*** Task data Section Begins ***

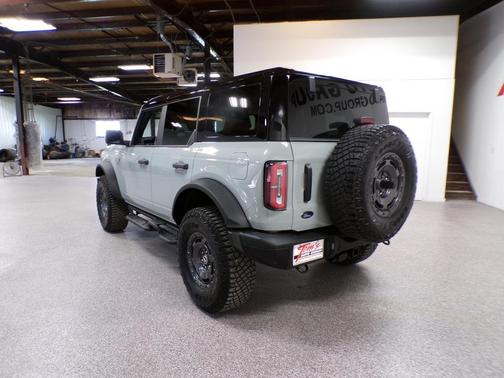 Blue 2024 Ford Bronco Badlands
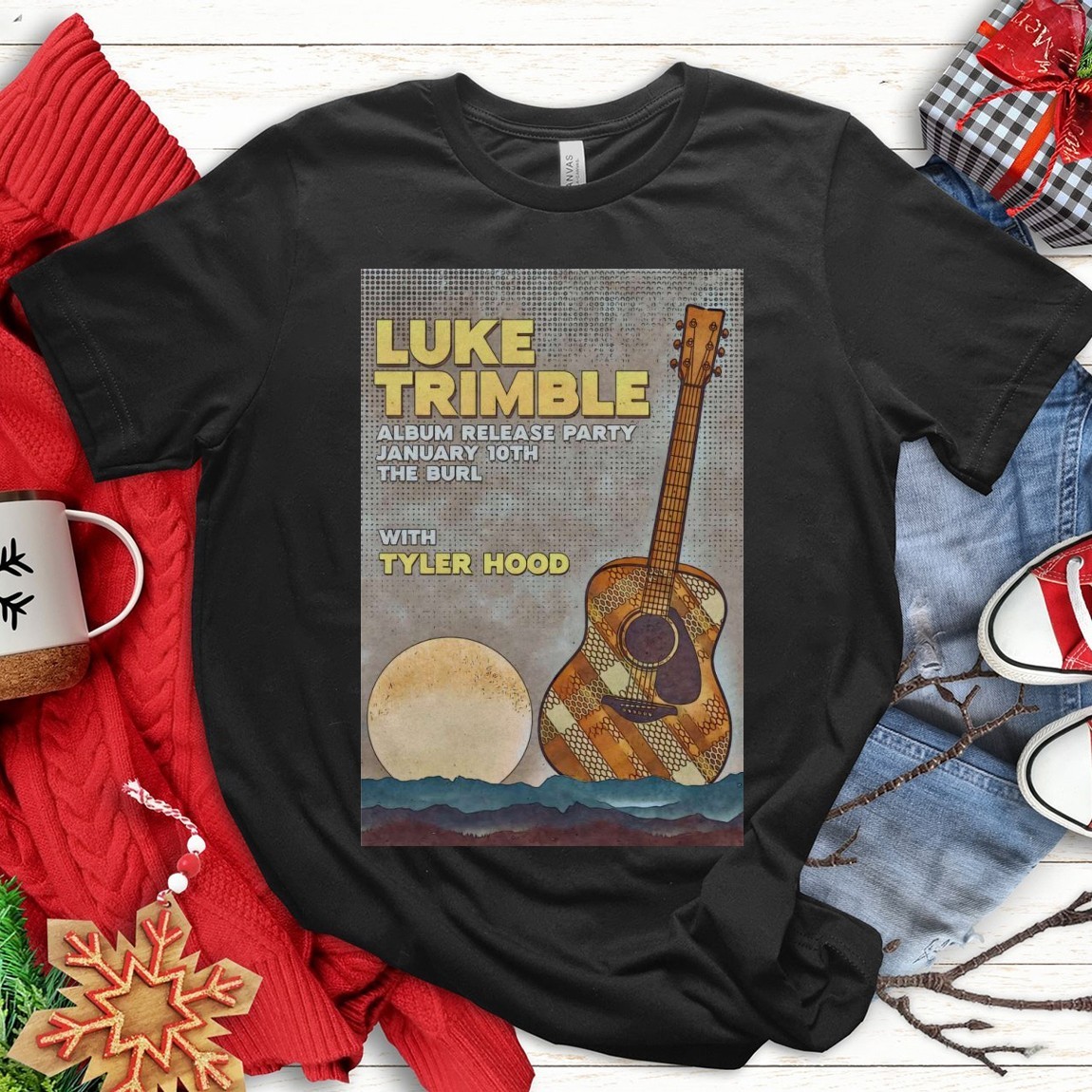 New Luke Trimble At The Burl In On Jan 10 2025 Tour, Luke Trimble T-Shirts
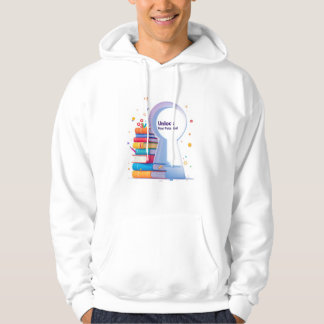 Ontsluit uw potentieel hoodie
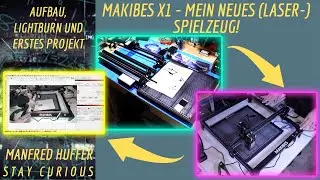 Mein erster Laser - Makibes X1 - Ein Schn&auml;ppchen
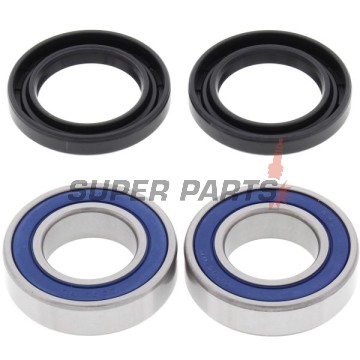 Колесен лагер комплект -ALL BALLS- Honda CBR 1000 2004-2018, CBR 900 2000-2003, Yamaha FZ-10 998 2017, YZF-R6 600 2017-2018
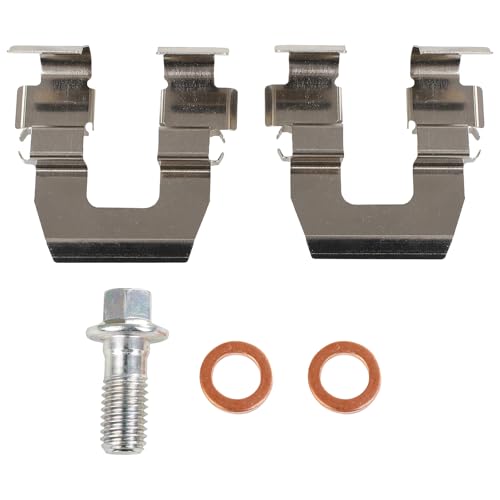 cciyu Rear Left & Right Disc Brake Calipers Assembly 18B4718B 18B4719B - size: Rear[18B4718B+18B4719B]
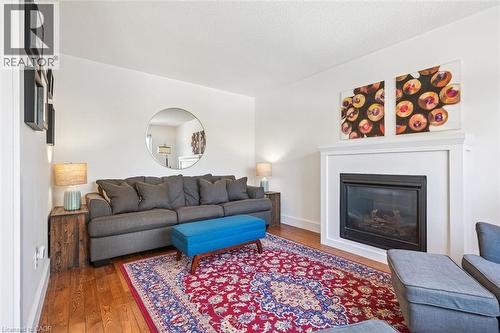 304 Daniel Crescent, Elora, ON - Indoor Photo Showing Living Room With Fireplace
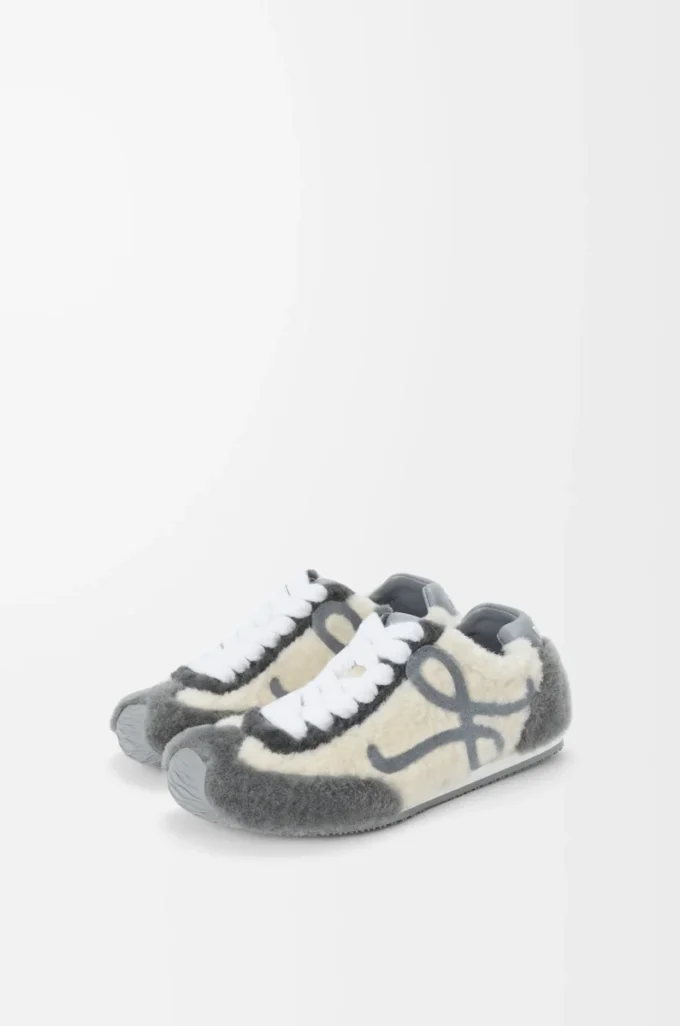 Ballet Runner 2.0 in shearling Grey Multitone Ballet Runner 2.0 in shearling Grey Multitone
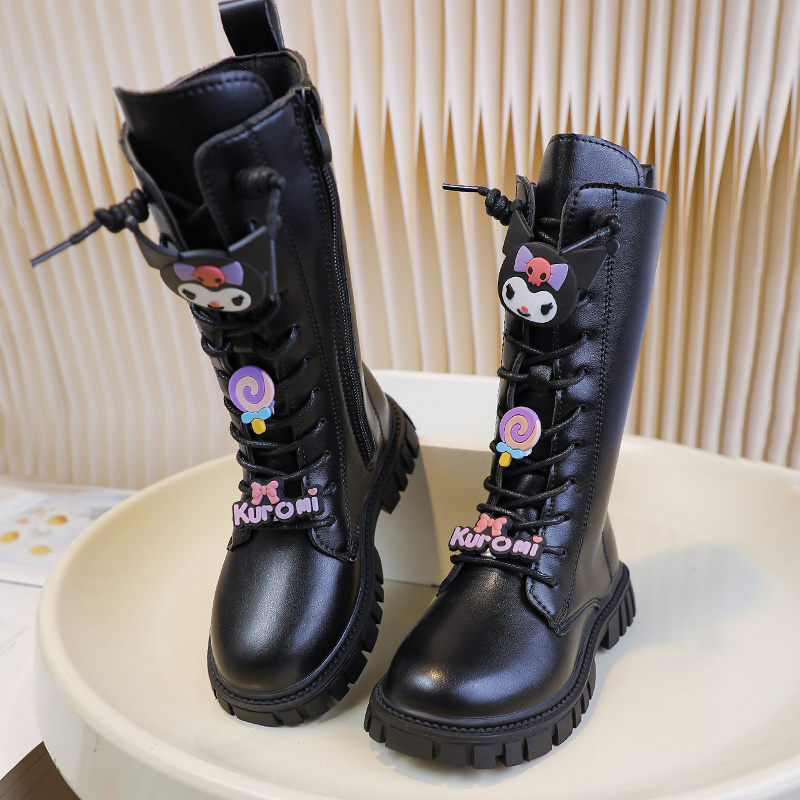 Hoge Winterlaarzen met Enkelsteun & Antislip PVC Zool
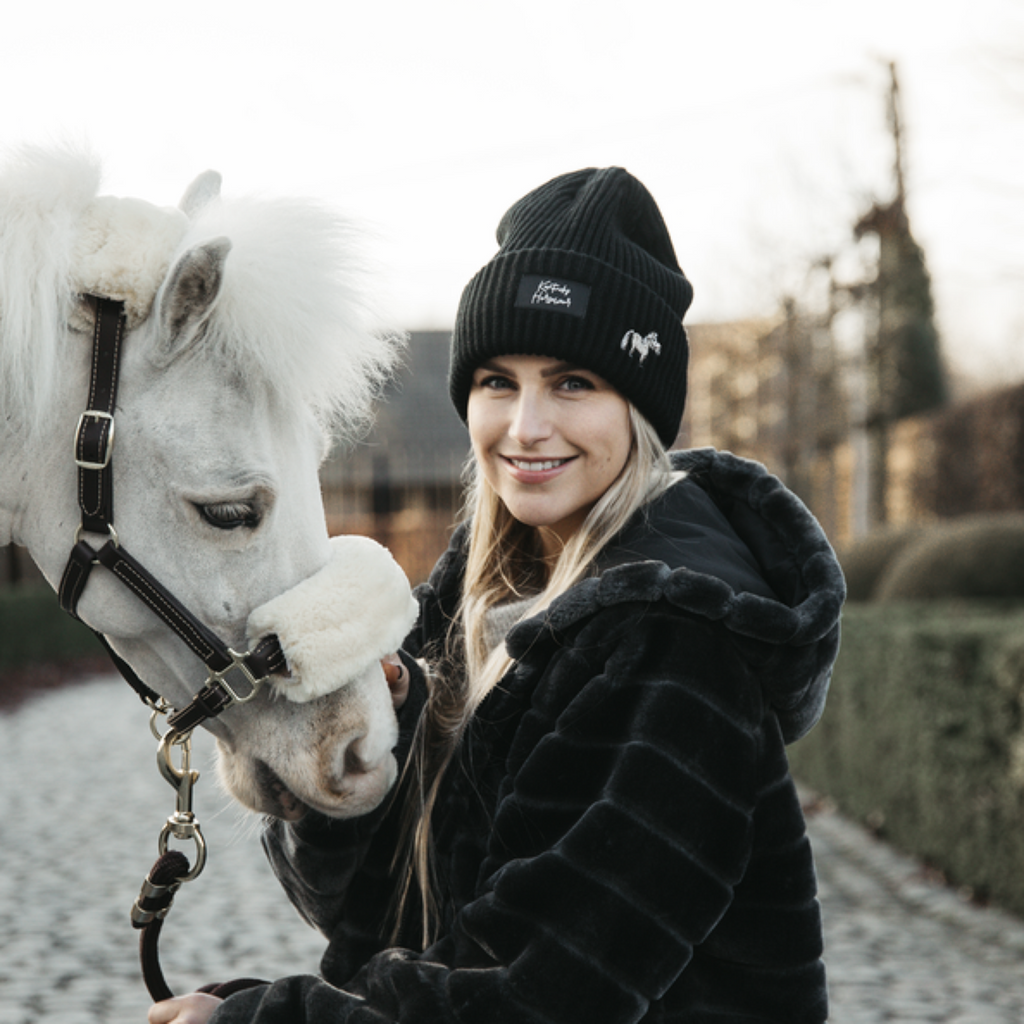 Kentucky Horseware Bonnet Beanie Sammy Noir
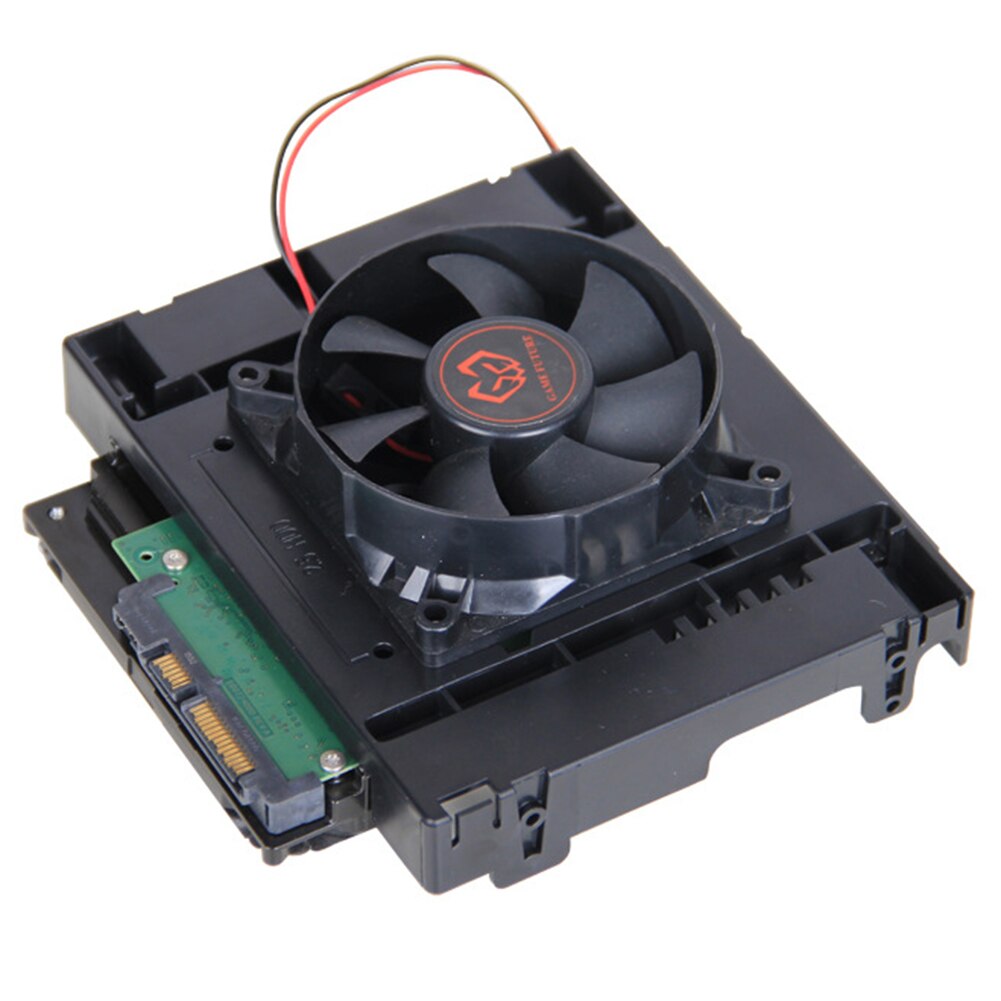 5.25 Optical Drive Position To 3.5 Inch To 2.5 Inch SSD Hard Drive Bay Holder Installed With 8cm Fan Adapter Bracket for PC Case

*** Task data Section Ends ***

In the copy, leave out all pictures, and retype exactly each line from the one with "304 Daniel Crescent, Elora, ON" through the last line of the entries.

◆ **Written response**:
 304 Daniel Crescent, Elora, ON - Indoor Photo Showing Living Room With Fireplace
 Ballet Runner 2.0 in shearling Grey Multitone Ballet Runner 2.0 in shearling Grey Multitone
 Hoge Winterlaarzen met Enkelsteun & Antislip PVC Zool
 Kentucky Horseware Bonnet Beanie Sammy Noir
 5.25 Optical Drive Position To 3.5 Inch To 2.5 Inch SSD Hard Drive Bay Holder Installed With 8cm Fan Adapter Bracket for PC Case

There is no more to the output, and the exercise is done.